PODCASTS / E86
PODCASTS / E86
JANUARY 15, 2023
I recently had a breakthrough with a client. He is a finance guy by training. He loves P&L forecasting. Loves it. He has his finance team do it four times a year. You’d think it was a public company. It’s not. It may never be.
“We can see problems 30 days in advance,” he claimed, which is true.
But here’s the problem:
Your P&L is a lagging indicator of business health if your objective is exponential growth or even mid-double-digit growth. It alerts you to topline problems way, way too late. That’s because this is not how you see topline problems heading your way. Not at all.
And it’s deceleration in topline growth that will turn your P&L blood red, especially in Phases 1-3. And especially, if you invest millions in fixed costs to support growth. You can only cut so much before you hit bone and then you won’t have the assets to reignite growth.
If your P&L is the lagging indicator of health, your cash register/website sales are the leading indicator.
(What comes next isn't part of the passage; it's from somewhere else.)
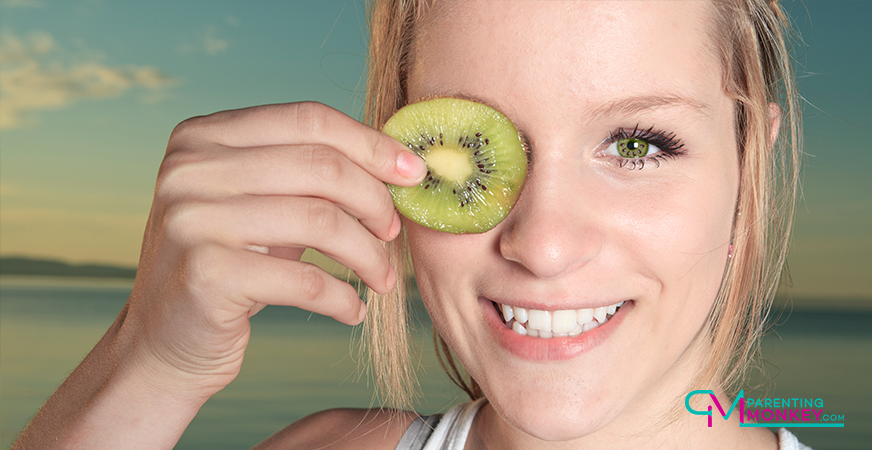 Teenage girl holding a slice of kiwi fruit to her eye.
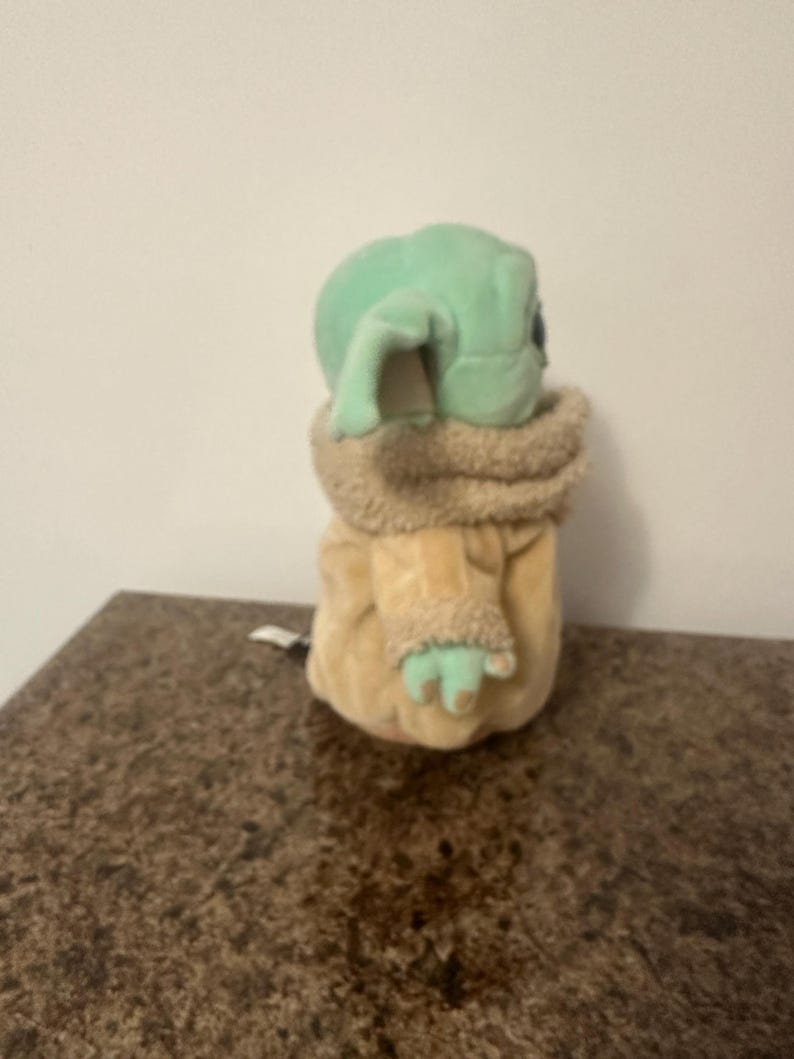 May include: A plush toy of a character with large ears and green skin, wearing a tan coat with a furry collar and cuffs. The toy is sitting on a brown surface.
If you want to grow fast, you only strategize for the leading indicator. Your whole organization needs to be dialed in to growth objectives suited to your competitive situation and your Phase of development.
Running a fast-growing business is about following demand, following the market, and ‘letting go’ of the need for total administrative control. This is a risky business sector.
None of this is not an excuse for financial mismanagement. It just means that your financial checks and balances should be the last objector (if we pay for that, we need to cut something else) to a topline tactic, not the first objector (hey, that costs money!)
I’m urging you to set the strategy and then figure out how to finance the playbook necessary to pursue it in the market.
Finance is a critical skill in a low-net margin industry like early-stage consumer brands, where your initial COGS are penalized by your tiny scale. This is why, in Phase 1 and Phase 2, you have to err on spending your personal time to drive results (e.g. field and event marketing, not paid ads). Big topline investments should favor things like equipment or staff (i.e. fungible labor).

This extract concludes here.